Дальше — только вопросы: собирались ли молодые авторы раньше? где? — в «аудитории» или у Слонимского? Был ли именно переход в «апартамент» Слонимского объявлен днем рождения группы? Возникло ли её название 1 февраля, до или после?
Твердо можно утверждать, что нерегулярные собрания были еще до того, как родилось название «Серапионовы Братья».
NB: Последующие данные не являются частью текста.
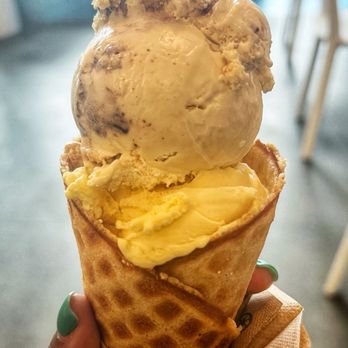 Chill Bros Scoop Shop - Ice cream with gluten free waffle cone! - Ice Cream & Frozen Yogurt Near Me - Tampa, Florida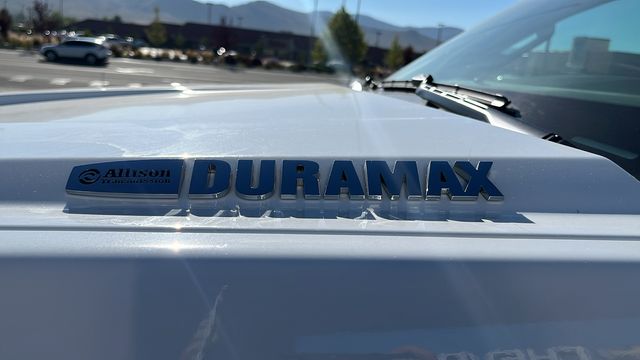 Vehicle image 10 of 34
Поздних мемуаров о возникновении Серапионов существует немало, писались они людьми почтенного возраста — многие события и тем более даты в памяти стерлись; выявлять противоречия мемуаристов — так же нетрудно, как и непродуктивно. Некоторые почти бесспорные факты установить, тем не менее, можно.
Кому первому пришла идея организоваться? 12 ноября 1921 года юный Владимир Познер, находясь за границей, писал об истории Серапионов в Берлин не юному А. М. Ремизову: «Первые основатели — Лева Лунц, Коля Никитин, Миша Слонимский и я. Первое заседание состоялось 1 февраля, а потом каждую субботу»[42]. В письме Слонимского Горькому 2 мая 1921 года сообщается: «В эту среду в 8 час. будет у меня следующее серапионовское собрание»[43], так что суббота вряд ли была единственным днем собраний. Те из Братьев, кто читал книгу Гофмана «Серапионовы братья», знали, как осмеивали её герои самую попытку как-либо регламентировать встречи, и применяли этот подход к встречам своим.
35
Вспоминая Михаила Зощенко. С. 30–31.
36
М. Горький и советские писатели. С. 561.
37
Дом Искусств. № 1. С. 71.
38
В. Ходасевич Собр. соч. Т. 4. С. 274.
39
Вестник литературы. СПб., 1921. № 4–5. С. 24.
40
Книжный угол. Пг., 1921. № 7. С. 19; см. также: В. Шкловский. Гамбургский счет. М., 1990. С. 140.
41
Простор (Алма-Ата). 1964. № 6. С. 114.
42
«Серапионовы Братья» в собраниях Пушкинского Дома: Материалы. Исследования. Публикации. СПб., 1998. С. 176–177. Кстати сказать, в сообщении о Серапионах в «Летописи Дома Литераторов» собрания Серапионов были названы «пятницами» (№ 1, 1 ноября 1921. С. 7).
43
М. Горький и советские писатели. С. 375.